I am trying to call variants on my DNA-seq information. However, I continue to get stuck in the same step where I sort my bam file using Picard. When I use "du -sh *" to see the file size, the sorted.bam file that gets produced has nothing in it.
This is the code I am using on my bam files to create my sorted bam file.
#!/bin/bash
#SBATCH -J sc1_10bamSORT
#SBATCH -A gts-rro
#SBATCH -N 1 --ntasks-per-node=24
#SBATCH --mem-per-cpu=8G
#SBATCH -t 36:00:00
#SBATCH -o Report-%j.out
cd $SLURM_SUBMIT_DIR
ml picard/3.0.0
java -jar /usr/local/pace-apps/manual/packages/picard/3.0.0/build/libs/picard.jar SortSam -I /storage/RGBam/FR04_SC1_10.bam -O /storage/Sorted/FR04_SC1_10.sorted.bam --SORT_ORDER coordinate
In my pipeline, 1. I concatenate my fastq.gz files, 2. I trim them using Trimmomatic, 3. I create my index using the reference genome and Bwa-Mem2, 4. I map my reads using Bwa-Mem2 to produce my .sam files, 5. I use SAMtools to convert my .sam files to .bam files and add read groups, LASTLY, my problem step, 6. I sort my bam files using Picard to generate my sorted.bam files needed to mark duplicates using Picard.
The first time I did this, I had 15 files have this problem. This time I have 10 files with this problem. They are the same files but somehow 5 got resolved this round. How can I assure myself that what has been “resolved” consists of high quality data? And what could be causing problems when I sort my bam files?
Hi,
First, have you checked if the unsorted bam files have data in them ? There might be an error in the previous step.
There could be many reasons why the file is empty, do you have any log files or error messages from your commands ?
Since you are using a workload manager (slurm), another thing to verify is that you are requesting enough time and ressources for your analysis.

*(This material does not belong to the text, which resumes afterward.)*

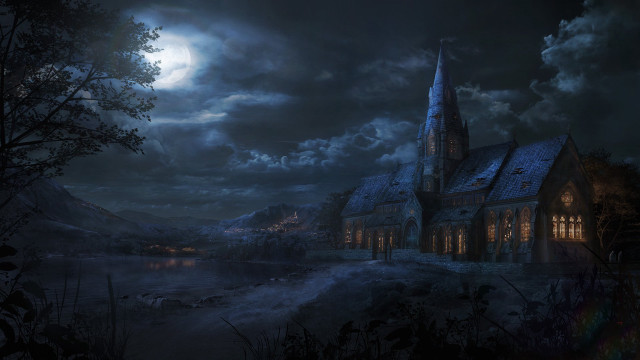 Gothic church fullmoon night clouds free wallpaper for desktop - medium preview image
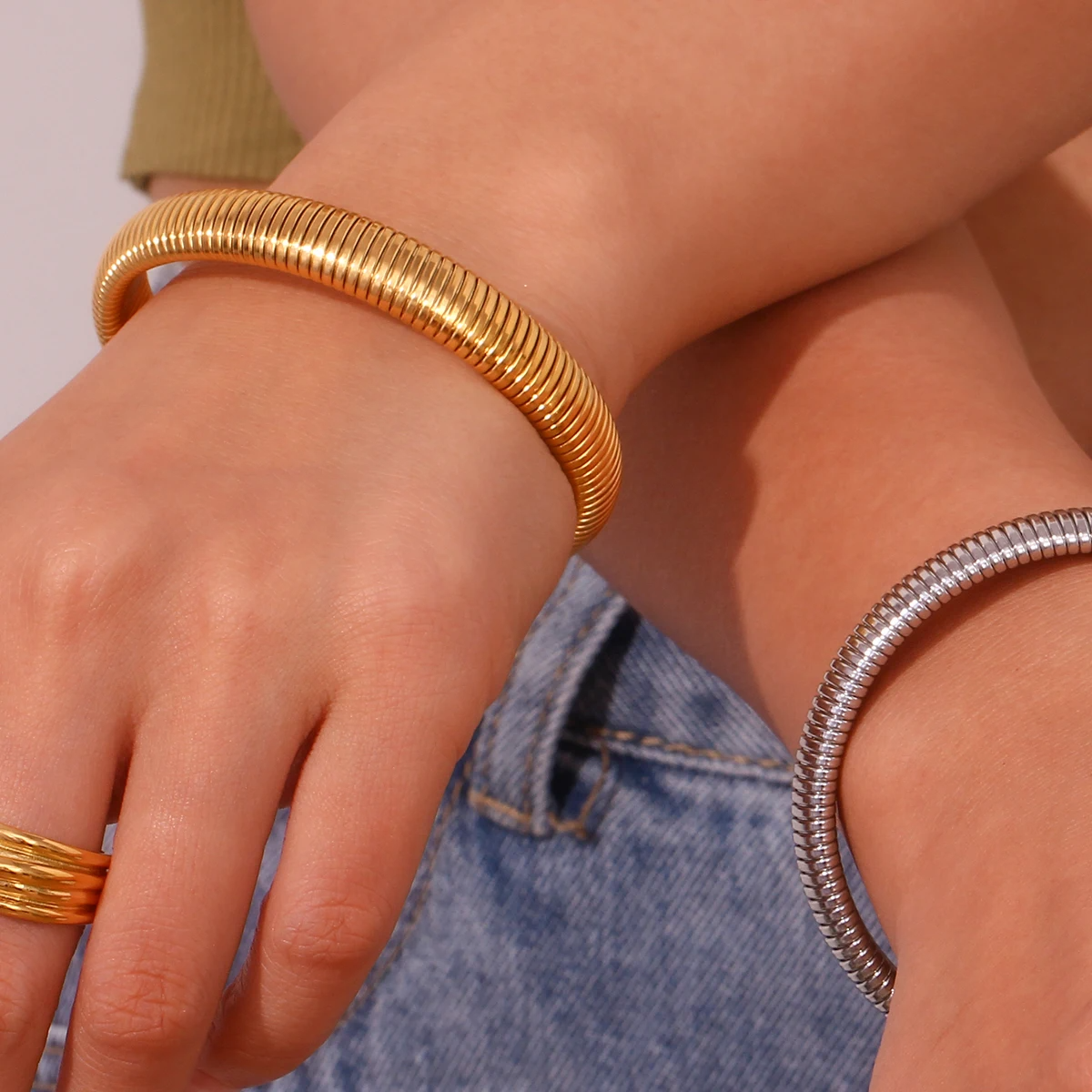 Bold Serpentine Coil Cuff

Yes the unsorted bam files have data in them and they were all of comparable size. I went back a few steps and this is the case for my sam and fastq files. So everything seems consistent there.
In previous runs I have also tried increasing my time and resources but was running into this same problem.
When I checked the logs is said these files had 0 paired reads, which is untrue because my paired.fastq files had data in them and still of comparable size to the other files.
What resolved this problem was using samtools to sort instead of Picard.